The United States Penitentiary, Pollock (USP Pollock) is a high-security United States federal prison for male inmates in unincorporated Grant Parish, Louisiana. It is part of the Pollock Federal Correctional Complex (FCC Pollock) and operated by the Federal Bureau of Prisons, a division of the United States Department of Justice. The facility also has an adjacent satellite prison camp for minimum-security male offenders.

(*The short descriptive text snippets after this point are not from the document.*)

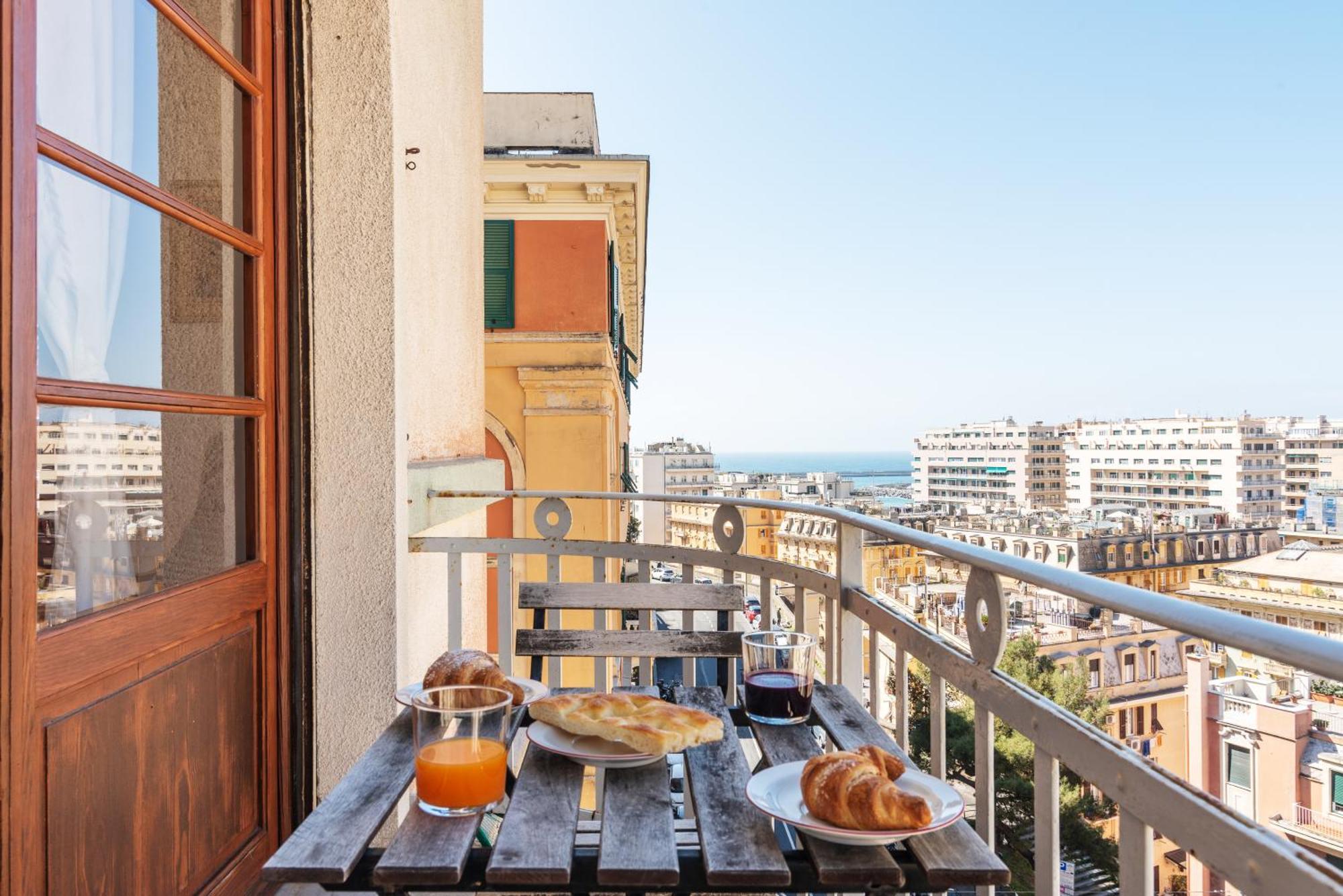 Decana Flexyrent Apartment Genua Buitenkant foto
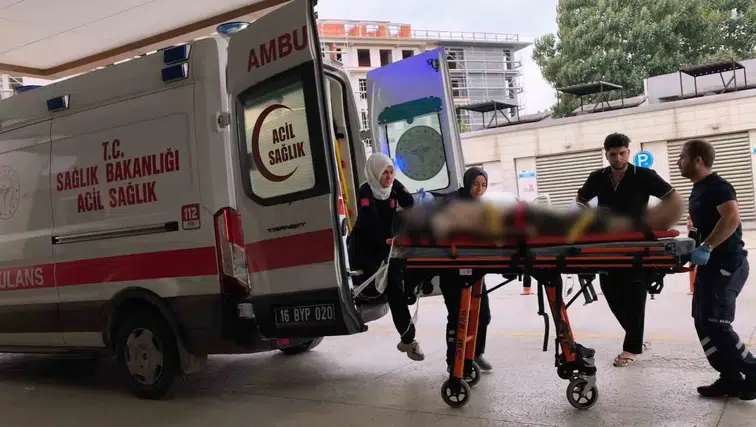 İnegöl'de banyoda fenalaşan genç hastanede yaşamını yitirdi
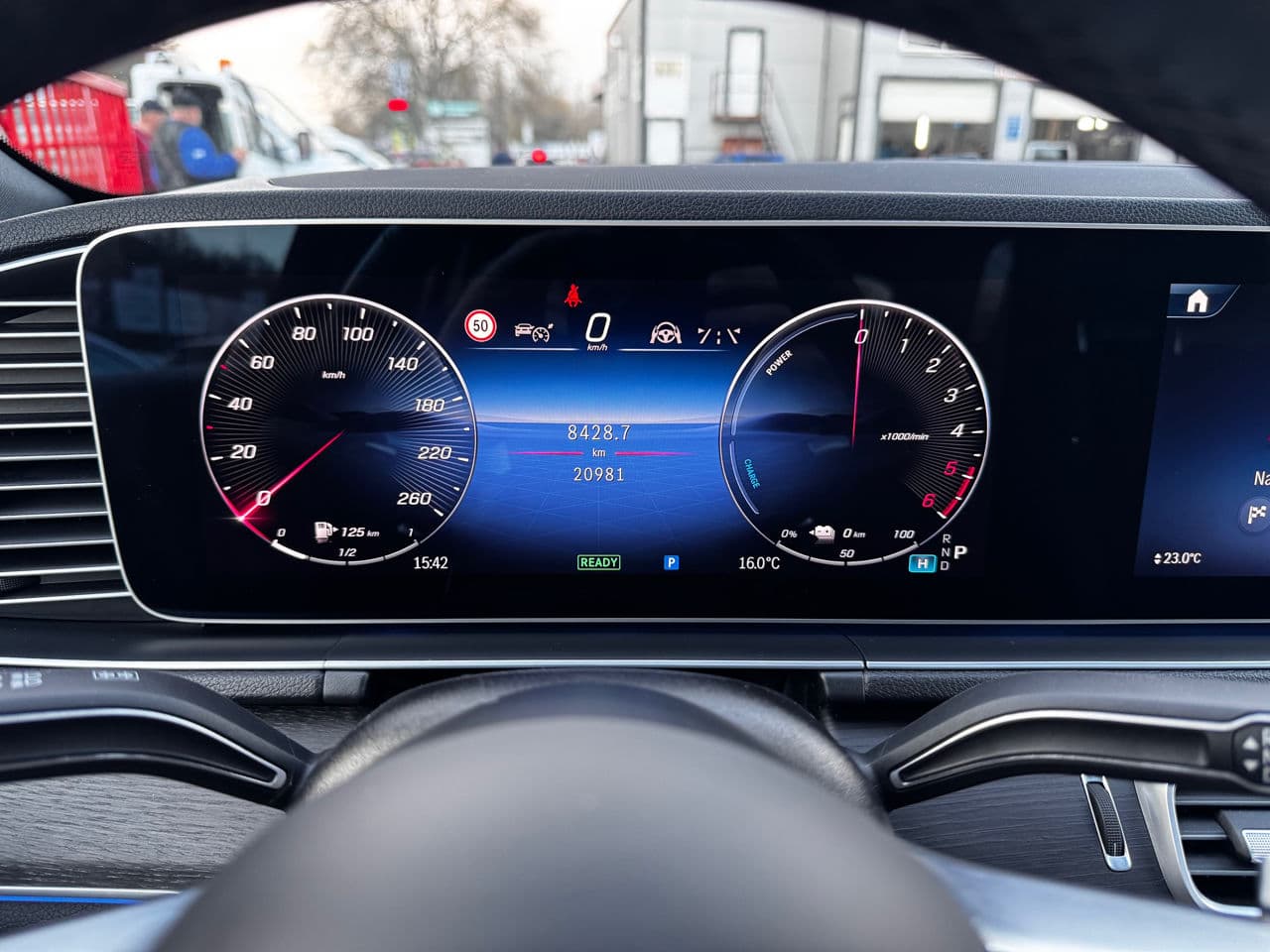2023 Mercedes GLE 350de — Miniatură 11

FCC Pollock is located in central Louisiana, approximately 15 miles north of Alexandria.

Notable incidents

2006 escape
On April 5, 2006, convicted murderer Richard Lee McNair escaped from USP Pollock. McNair's duties in prison included work in a manufacturing area, where he repaired old, torn mailbags. He held this position for several months, during which he plotted his escape. McNair escaped by constructing an "escape pod," which included a breathing tube, and burying it under a pile of outgoing mailbags. At approximately 9:45 AM, prison staff placed the mailbags on a pallet, transported it to a nearby warehouse outside the prison's perimeter fence, and went for lunch. McNair then cut himself out of the pod and escaped at 11:00 AM. Having observed prison operations and the times when prisoner counts were conducted, McNair knew that his absence would not be discovered until 4:00 PM. After an over yearlong manhunt, McNair was captured in New Brunswick, Canada by the Royal Canadian Mounted Police on Oct. 25, 2007 after being featured on the television program America's Most Wanted. Since McNair had previously escaped from a county jail and a state prison in North Dakota in 1987 and 1992, he was classified as a high-escape risk and transferred to the United States Penitentiary, Florence ADX, the federal supermax prison in Colorado which holds inmates requiring the tightest controls.

2007 inmate murder
In November 2007, inmate William Anthony Bullock was stabbed to death with a shank during an altercation with another inmate, identified as Shaun Wayne Williams. Williams had crafted the shank from a part of a cell locker. Williams, who was serving a 96-month sentence for being a felon in possession of a firearm, was convicted of voluntary manslaughter in 2009 and sentenced to an additional 15 years in prison. Williams is currently incarcerated at USP Big Sandy and scheduled to be released on January 21, 2023.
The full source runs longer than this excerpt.